For instance, Chinese diaspora artists are now in a different state than the diaspora artists in the 1980s,. The young generation of Chinese artists like the young generation of Chinese people in different walks of life. They are becoming global citizens and they speak universal language like their Western counterparts.

You see “the American thing”, “the German thing” and “the British thing” all seems over, do you think the new narrative is a global narrative?

A: It takes more than one generation to develop art. We know first generation contemporary Chinese art as Cynical Realism, and those artists are more historical figures now. What we begin now in China is very interesting installation art, photography and abstraction. China is one of the two greatest powers in the world. It’s impossible to think there’s no great art in China. China must be one of the greatest places to make great art in the future. I was in Shanghai and saw Song Dong’s installations- theywere incredible. I think it’s not Chinese art, it’s world art. We no longer have New York art or German art; what we have now it’s a new world map and we have global art.

With new ideas developing in the country, China will be really important in the future. But I think to some degree, with the support of government it will be good. When World War Two ended, the Museum of Modern Art in New York organized an Abstract Expressionism art exhibition and they sent that exhibition all over Europe, to all the countries that were destroyed by the war. It changed the art world. The US government know that art is an important ambassador to the world.

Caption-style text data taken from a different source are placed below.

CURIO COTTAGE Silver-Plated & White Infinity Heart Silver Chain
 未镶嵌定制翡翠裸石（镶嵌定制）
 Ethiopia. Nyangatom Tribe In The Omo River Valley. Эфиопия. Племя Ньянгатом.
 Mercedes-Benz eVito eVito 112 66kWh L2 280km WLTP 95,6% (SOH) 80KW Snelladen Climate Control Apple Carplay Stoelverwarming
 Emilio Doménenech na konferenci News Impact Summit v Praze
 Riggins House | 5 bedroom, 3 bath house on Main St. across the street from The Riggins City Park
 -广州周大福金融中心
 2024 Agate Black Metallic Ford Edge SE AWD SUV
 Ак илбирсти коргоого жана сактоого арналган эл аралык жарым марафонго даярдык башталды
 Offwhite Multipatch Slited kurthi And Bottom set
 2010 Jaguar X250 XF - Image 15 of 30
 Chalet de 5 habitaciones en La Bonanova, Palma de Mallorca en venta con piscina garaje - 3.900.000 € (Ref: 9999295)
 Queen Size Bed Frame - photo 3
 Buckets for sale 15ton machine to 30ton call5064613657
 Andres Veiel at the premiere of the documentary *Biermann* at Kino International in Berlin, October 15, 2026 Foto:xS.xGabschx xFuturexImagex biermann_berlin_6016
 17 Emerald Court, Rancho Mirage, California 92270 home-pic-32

I hope the Chinese government will know that Chinese art can be a great ambassador to the world and to showcase the achievement of Chinese art.

Arne and Li Songsong, photocredit:Ben Gabbe/BFA.com
Arne and Li Songsong, photocredit:Ben Gabbe/BFA.com

P: Funnily the Chinese government does have the initiative to support art programmes, but we see more major Western artists showing in China rather than exhibitions on Chinese artists. You see there are also lots of private museums booming up in China and they are eager to follow the Western tastes.

A: I think it’s very important for the states to sanction that;to have a national museum in Beijing and to support contemporary Chinese artists. To acknowledge how important art is to humanity. I have great faith in China. I think China is the future.

On Identity 

“You cannot always hold on to your ancient identity to live in the modern world. It’s a compromise.” -Arne Glimcher

Arne in front of Pace artist Zhang Huan's work, photo credit: online source
Arne in front of Pace artist Zhang Huan’s work, photo credit: online source

P: Some Chinese artists do hold on to their identity, then they failon the global stage. I think holding on to one’s identity is a reason for one to remain a peripheral status.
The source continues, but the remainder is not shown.